**Task details:**
A verbatim copy of every entry is required. Produce it now.

**Information shown:**
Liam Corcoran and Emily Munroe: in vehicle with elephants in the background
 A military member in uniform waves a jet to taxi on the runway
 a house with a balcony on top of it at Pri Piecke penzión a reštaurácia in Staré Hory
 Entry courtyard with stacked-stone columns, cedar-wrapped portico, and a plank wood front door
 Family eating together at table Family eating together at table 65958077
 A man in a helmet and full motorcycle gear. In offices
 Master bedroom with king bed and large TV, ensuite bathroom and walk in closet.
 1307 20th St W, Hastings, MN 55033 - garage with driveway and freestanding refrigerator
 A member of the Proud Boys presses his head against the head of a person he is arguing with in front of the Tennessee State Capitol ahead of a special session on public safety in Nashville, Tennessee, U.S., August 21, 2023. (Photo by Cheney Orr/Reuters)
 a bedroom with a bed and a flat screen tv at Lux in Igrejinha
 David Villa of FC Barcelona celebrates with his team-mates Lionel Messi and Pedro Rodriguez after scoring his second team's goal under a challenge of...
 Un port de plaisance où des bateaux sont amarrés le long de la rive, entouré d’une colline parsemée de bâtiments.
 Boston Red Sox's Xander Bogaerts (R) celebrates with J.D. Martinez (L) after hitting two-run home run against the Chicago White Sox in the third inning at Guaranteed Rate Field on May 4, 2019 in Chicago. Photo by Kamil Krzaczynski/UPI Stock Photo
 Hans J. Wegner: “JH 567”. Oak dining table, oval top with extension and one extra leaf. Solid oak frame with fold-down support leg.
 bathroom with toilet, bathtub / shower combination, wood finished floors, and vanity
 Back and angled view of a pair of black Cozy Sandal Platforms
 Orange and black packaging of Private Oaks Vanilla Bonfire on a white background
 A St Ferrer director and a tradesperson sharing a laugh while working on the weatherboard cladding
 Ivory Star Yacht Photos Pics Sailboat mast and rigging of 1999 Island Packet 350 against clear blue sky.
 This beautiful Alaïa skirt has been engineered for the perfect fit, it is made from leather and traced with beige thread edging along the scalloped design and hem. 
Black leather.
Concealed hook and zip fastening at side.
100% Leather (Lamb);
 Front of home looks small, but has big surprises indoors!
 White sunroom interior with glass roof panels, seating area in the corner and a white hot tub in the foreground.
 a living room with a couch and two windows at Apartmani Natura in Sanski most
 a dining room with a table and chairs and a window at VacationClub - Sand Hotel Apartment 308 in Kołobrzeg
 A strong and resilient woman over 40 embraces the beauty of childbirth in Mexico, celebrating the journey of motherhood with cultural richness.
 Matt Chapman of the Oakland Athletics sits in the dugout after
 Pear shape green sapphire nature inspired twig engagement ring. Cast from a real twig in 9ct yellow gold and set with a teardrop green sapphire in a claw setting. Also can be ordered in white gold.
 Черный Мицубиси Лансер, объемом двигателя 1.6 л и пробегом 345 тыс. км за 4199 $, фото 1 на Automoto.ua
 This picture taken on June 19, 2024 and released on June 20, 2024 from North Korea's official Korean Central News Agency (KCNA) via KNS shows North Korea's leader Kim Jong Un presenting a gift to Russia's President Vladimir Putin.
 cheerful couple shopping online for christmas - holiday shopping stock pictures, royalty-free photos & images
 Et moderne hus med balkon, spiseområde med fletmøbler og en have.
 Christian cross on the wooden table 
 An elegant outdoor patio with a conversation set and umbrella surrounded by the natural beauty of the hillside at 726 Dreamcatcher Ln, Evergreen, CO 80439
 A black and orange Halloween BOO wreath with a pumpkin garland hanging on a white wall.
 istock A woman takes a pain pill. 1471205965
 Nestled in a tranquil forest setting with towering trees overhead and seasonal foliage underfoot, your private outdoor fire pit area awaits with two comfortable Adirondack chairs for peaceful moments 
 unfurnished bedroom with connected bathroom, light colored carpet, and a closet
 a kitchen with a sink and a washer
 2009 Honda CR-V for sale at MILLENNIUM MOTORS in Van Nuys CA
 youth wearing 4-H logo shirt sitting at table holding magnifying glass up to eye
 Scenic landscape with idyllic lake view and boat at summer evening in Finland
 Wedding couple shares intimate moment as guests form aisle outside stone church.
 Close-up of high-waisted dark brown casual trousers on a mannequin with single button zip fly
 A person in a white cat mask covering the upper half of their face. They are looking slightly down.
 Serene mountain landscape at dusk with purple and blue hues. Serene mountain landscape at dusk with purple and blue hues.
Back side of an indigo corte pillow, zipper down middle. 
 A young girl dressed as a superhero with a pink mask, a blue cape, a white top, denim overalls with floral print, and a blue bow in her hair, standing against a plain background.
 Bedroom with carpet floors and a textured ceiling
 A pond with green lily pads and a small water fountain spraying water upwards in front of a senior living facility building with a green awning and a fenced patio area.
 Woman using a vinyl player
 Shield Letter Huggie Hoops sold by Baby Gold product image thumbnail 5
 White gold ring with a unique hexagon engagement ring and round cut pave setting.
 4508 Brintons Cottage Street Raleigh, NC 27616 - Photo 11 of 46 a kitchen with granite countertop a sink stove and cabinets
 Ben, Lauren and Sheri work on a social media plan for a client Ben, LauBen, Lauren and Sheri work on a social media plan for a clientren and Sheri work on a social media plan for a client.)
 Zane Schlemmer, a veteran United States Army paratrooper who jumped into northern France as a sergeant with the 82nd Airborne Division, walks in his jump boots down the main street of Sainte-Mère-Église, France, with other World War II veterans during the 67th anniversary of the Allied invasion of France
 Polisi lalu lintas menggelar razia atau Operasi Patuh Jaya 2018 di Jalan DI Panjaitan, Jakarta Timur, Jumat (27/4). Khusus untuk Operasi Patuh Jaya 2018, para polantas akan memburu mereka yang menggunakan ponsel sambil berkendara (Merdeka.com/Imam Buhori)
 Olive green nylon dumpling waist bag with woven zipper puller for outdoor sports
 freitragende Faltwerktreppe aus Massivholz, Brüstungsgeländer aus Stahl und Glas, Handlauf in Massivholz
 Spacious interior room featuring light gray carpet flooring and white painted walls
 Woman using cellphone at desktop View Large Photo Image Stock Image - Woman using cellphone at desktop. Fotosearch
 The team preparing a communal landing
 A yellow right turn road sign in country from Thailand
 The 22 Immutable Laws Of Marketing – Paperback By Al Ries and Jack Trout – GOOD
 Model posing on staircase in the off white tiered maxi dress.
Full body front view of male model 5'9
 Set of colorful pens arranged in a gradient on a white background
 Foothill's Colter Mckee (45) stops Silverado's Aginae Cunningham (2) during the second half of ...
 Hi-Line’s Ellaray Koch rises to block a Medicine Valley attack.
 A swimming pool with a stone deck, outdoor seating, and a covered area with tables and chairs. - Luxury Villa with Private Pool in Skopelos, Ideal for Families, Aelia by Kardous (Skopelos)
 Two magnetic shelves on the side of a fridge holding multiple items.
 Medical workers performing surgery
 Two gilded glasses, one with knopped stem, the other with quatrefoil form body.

**Solution to the problem:**
Liam Corcoran and Emily Munroe: in vehicle with elephants in the background
 A military member in uniform waves a jet to taxi on the runway
 a house with a balcony on top of it at Pri Piecke penzión a reštaurácia in Staré Hory
 Entry courtyard with stacked-stone columns, cedar-wrapped portico, and a plank wood front door
 Family eating together at table Family eating together at table 65958077
 A man in a helmet and full motorcycle gear. In offices
 Master bedroom with king bed and large TV, ensuite bathroom and walk in closet.
 1307 20th St W, Hastings, MN 55033 - garage with driveway and freestanding refrigerator
 A member of the Proud Boys presses his head against the head of a person he is arguing with in front of the Tennessee State Capitol ahead of a special session on public safety in Nashville, Tennessee, U.S., August 21, 2023. (Photo by Cheney Orr/Reuters)
 a bedroom with a bed and a flat screen tv at Lux in Igrejinha
 David Villa of FC Barcelona celebrates with his team-mates Lionel Messi and Pedro Rodriguez after scoring his second team's goal under a challenge of...
 Un port de plaisance où des bateaux sont amarrés le long de la rive, entouré d’une colline parsemée de bâtiments.
 Boston Red Sox's Xander Bogaerts (R) celebrates with J.D. Martinez (L) after hitting two-run home run against the Chicago White Sox in the third inning at Guaranteed Rate Field on May 4, 2019 in Chicago. Photo by Kamil Krzaczynski/UPI Stock Photo
 Hans J. Wegner: “JH 567”. Oak dining table, oval top with extension and one extra leaf. Solid oak frame with fold-down support leg.
 bathroom with toilet, bathtub / shower combination, wood finished floors, and vanity
 Back and angled view of a pair of black Cozy Sandal Platforms
 Orange and black packaging of Private Oaks Vanilla Bonfire on a white background
 A St Ferrer director and a tradesperson sharing a laugh while working on the weatherboard cladding
 Ivory Star Yacht Photos Pics Sailboat mast and rigging of 1999 Island Packet 350 against clear blue sky.
 This beautiful Alaïa skirt has been engineered for the perfect fit, it is made from leather and traced with beige thread edging along the scalloped design and hem. 
Black leather.
Concealed hook and zip fastening at side.
100% Leather (Lamb);
 Front of home looks small, but has big surprises indoors!
 White sunroom interior with glass roof panels, seating area in the corner and a white hot tub in the foreground.
 a living room with a couch and two windows at Apartmani Natura in Sanski most
 a dining room with a table and chairs and a window at VacationClub - Sand Hotel Apartment 308 in Kołobrzeg
 A strong and resilient woman over 40 embraces the beauty of childbirth in Mexico, celebrating the journey of motherhood with cultural richness.
 Matt Chapman of the Oakland Athletics sits in the dugout after
 Pear shape green sapphire nature inspired twig engagement ring. Cast from a real twig in 9ct yellow gold and set with a teardrop green sapphire in a claw setting. Also can be ordered in white gold.
 Черный Мицубиси Лансер, объемом двигателя 1.6 л и пробегом 345 тыс. км за 4199 $, фото 1 на Automoto.ua
 This picture taken on June 19, 2024 and released on June 20, 2024 from North Korea's official Korean Central News Agency (KCNA) via KNS shows North Korea's leader Kim Jong Un presenting a gift to Russia's President Vladimir Putin.
 cheerful couple shopping online for christmas - holiday shopping stock pictures, royalty-free photos & images
 Et moderne hus med balkon, spiseområde med fletmøbler og en have.
 Christian cross on the wooden table 
 An elegant outdoor patio with a conversation set and umbrella surrounded by the natural beauty of the hillside at 726 Dreamcatcher Ln, Evergreen, CO 80439
 A black and orange Halloween BOO wreath with a pumpkin garland hanging on a white wall.
 istock A woman takes a pain pill. 1471205965
 Nestled in a tranquil forest setting with towering trees overhead and seasonal foliage underfoot, your private outdoor fire pit area awaits with two comfortable Adirondack chairs for peaceful moments 
 unfurnished bedroom with connected bathroom, light colored carpet, and a closet
 a kitchen with a sink and a washer
 2009 Honda CR-V for sale at MILLENNIUM MOTORS in Van Nuys CA
 youth wearing 4-H logo shirt sitting at table holding magnifying glass up to eye
 Scenic landscape with idyllic lake view and boat at summer evening in Finland
 Wedding couple shares intimate moment as guests form aisle outside stone church.
 Close-up of high-waisted dark brown casual trousers on a mannequin with single button zip fly
 A person in a white cat mask covering the upper half of their face. They are looking slightly down.
 Serene mountain landscape at dusk with purple and blue hues. Serene mountain landscape at dusk with purple and blue hues.
Back side of an indigo corte pillow, zipper down middle. 
 A young girl dressed as a superhero with a pink mask, a blue cape, a white top, denim overalls with floral print, and a blue bow in her hair, standing against a plain background.
 Bedroom with carpet floors and a textured ceiling
 A pond with green lily pads and a small water fountain spraying water upwards in front of a senior living facility building with a green awning and a fenced patio area.
 Woman using a vinyl player
 Shield Letter Huggie Hoops sold by Baby Gold product image thumbnail 5
 White gold ring with a unique hexagon engagement ring and round cut pave setting.
 4508 Brintons Cottage Street Raleigh, NC 27616 - Photo 11 of 46 a kitchen with granite countertop a sink stove and cabinets
 Ben, Lauren and Sheri work on a social media plan for a client Ben, LauBen, Lauren and Sheri work on a social media plan for a clientren and Sheri work on a social media plan for a client.)
 Zane Schlemmer, a veteran United States Army paratrooper who jumped into northern France as a sergeant with the 82nd Airborne Division, walks in his jump boots down the main street of Sainte-Mère-Église, France, with other World War II veterans during the 67th anniversary of the Allied invasion of France
 Polisi lalu lintas menggelar razia atau Operasi Patuh Jaya 2018 di Jalan DI Panjaitan, Jakarta Timur, Jumat (27/4). Khusus untuk Operasi Patuh Jaya 2018, para polantas akan memburu mereka yang menggunakan ponsel sambil berkendara (Merdeka.com/Imam Buhori)
 Olive green nylon dumpling waist bag with woven zipper puller for outdoor sports
 freitragende Faltwerktreppe aus Massivholz, Brüstungsgeländer aus Stahl und Glas, Handlauf in Massivholz
 Spacious interior room featuring light gray carpet flooring and white painted walls
 Woman using cellphone at desktop View Large Photo Image Stock Image - Woman using cellphone at desktop. Fotosearch
 The team preparing a communal landing
 A yellow right turn road sign in country from Thailand
 The 22 Immutable Laws Of Marketing – Paperback By Al Ries and Jack Trout – GOOD
 Model posing on staircase in the off white tiered maxi dress.
Full body front view of male model 5'9
 Set of colorful pens arranged in a gradient on a white background
 Foothill's Colter Mckee (45) stops Silverado's Aginae Cunningham (2) during the second half of ...
 Hi-Line’s Ellaray Koch rises to block a Medicine Valley attack.
 A swimming pool with a stone deck, outdoor seating, and a covered area with tables and chairs. - Luxury Villa with Private Pool in Skopelos, Ideal for Families, Aelia by Kardous (Skopelos)
 Two magnetic shelves on the side of a fridge holding multiple items.
 Medical workers performing surgery
 Two gilded glasses, one with knopped stem, the other with quatrefoil form body.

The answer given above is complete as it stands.